Note, as Jose27 points out in the comments, that the boundedness assumption is not needed, as it is implied by the norm condition.
From the norm condition,
$$\tag{1}
\Vert f_n-f_m\Vert_\infty=1,\quad \text{whenever }\ n\ne m,
$$
it follows that
the sequence $\{f_n\}_{n=1}^\infty$ is uniformly bounded over $[0,1]$.
Equation (1) also implies that $\{f_n\}_{n=1}^\infty$ cannot be equicontinuous over $[0,1]$:
Suppose $\{f_n\}_{n=1}^\infty$ were equicontinuous over $[0,1]$. Then by the
Arzelà-Ascoli Theorem, there is a subsequence $\{f_{n_k}\}_{k=1}^\infty$ of $\{f_n\}_{n=1}^\infty$ that converges uniformly on $[0,1]$. In particular, $\{f_{n_k}\}_{k=1}^\infty$ is uniformly Cauchy.

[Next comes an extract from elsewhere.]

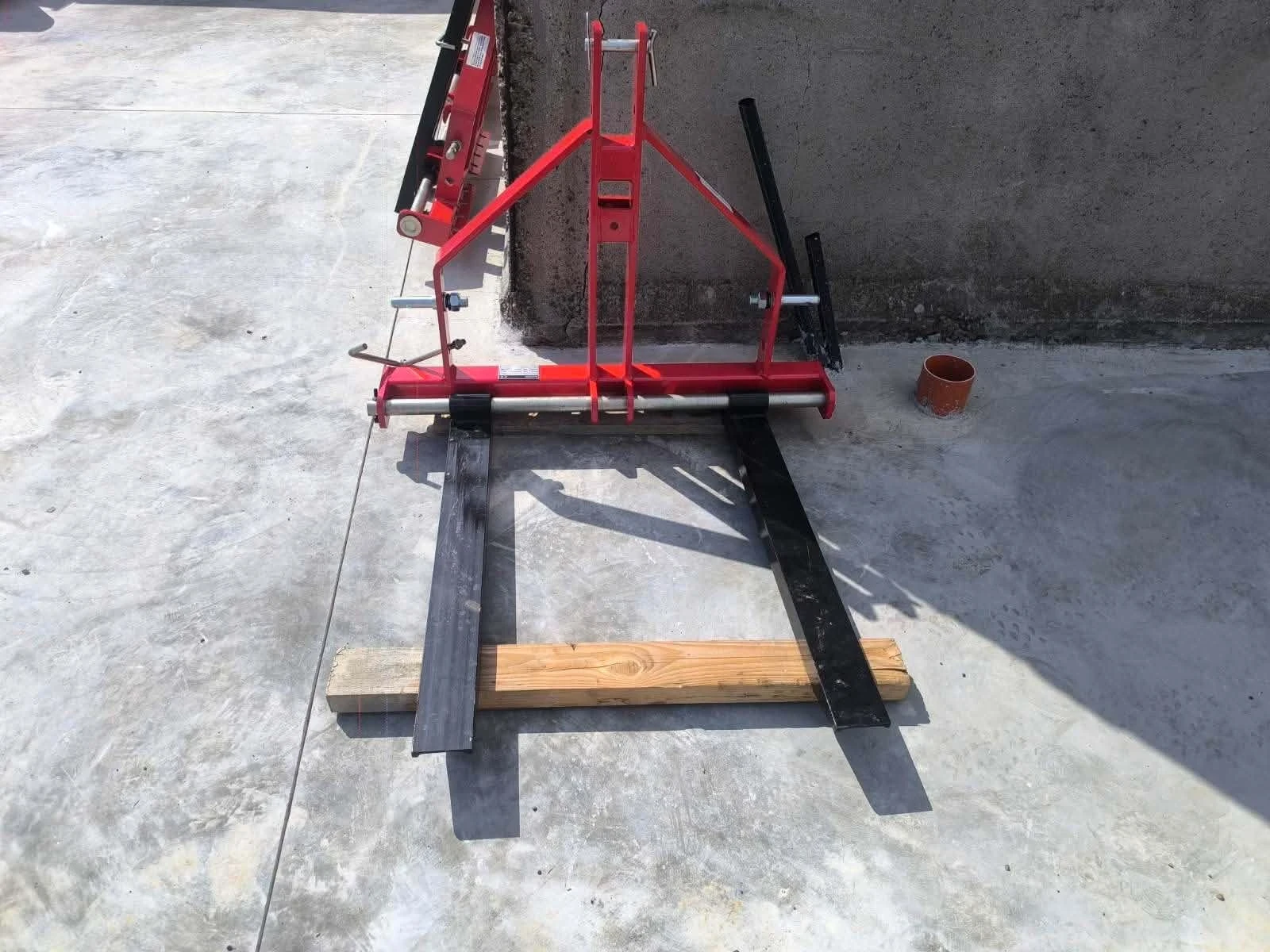 Трактор Yanmar, снимка 12 - Селскостопанска техника - 56736773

That is, for each $\epsilon>0$, there is a positive integer $N$ so that
$$
|f_{n_k}(x ) -f_{n_{l}}(x )|<\epsilon, \quad \text{for all }\ k,l\ge N\ \text{ and all }\ x\in[0,1].
$$
But, setting $\epsilon={1\over2}$ and fixing a positive integer $N$, we have by equation (1) the existence of some $x_{\scriptscriptstyle N}\in[0,1]$ with
$|f_{n_N}(x_{\scriptscriptstyle N}) -f_{n_{N+1}}(x_{\scriptscriptstyle N})|>{1\over2}$. As $N$ was arbitrary, this contradicts the fact that $\{f_{n_k}\}_{k=1}^\infty$ is uniformly Cauchy.
It follows that $\{f_n\}_{n=1}^\infty$ is not equicontinuous over $[0,1]$.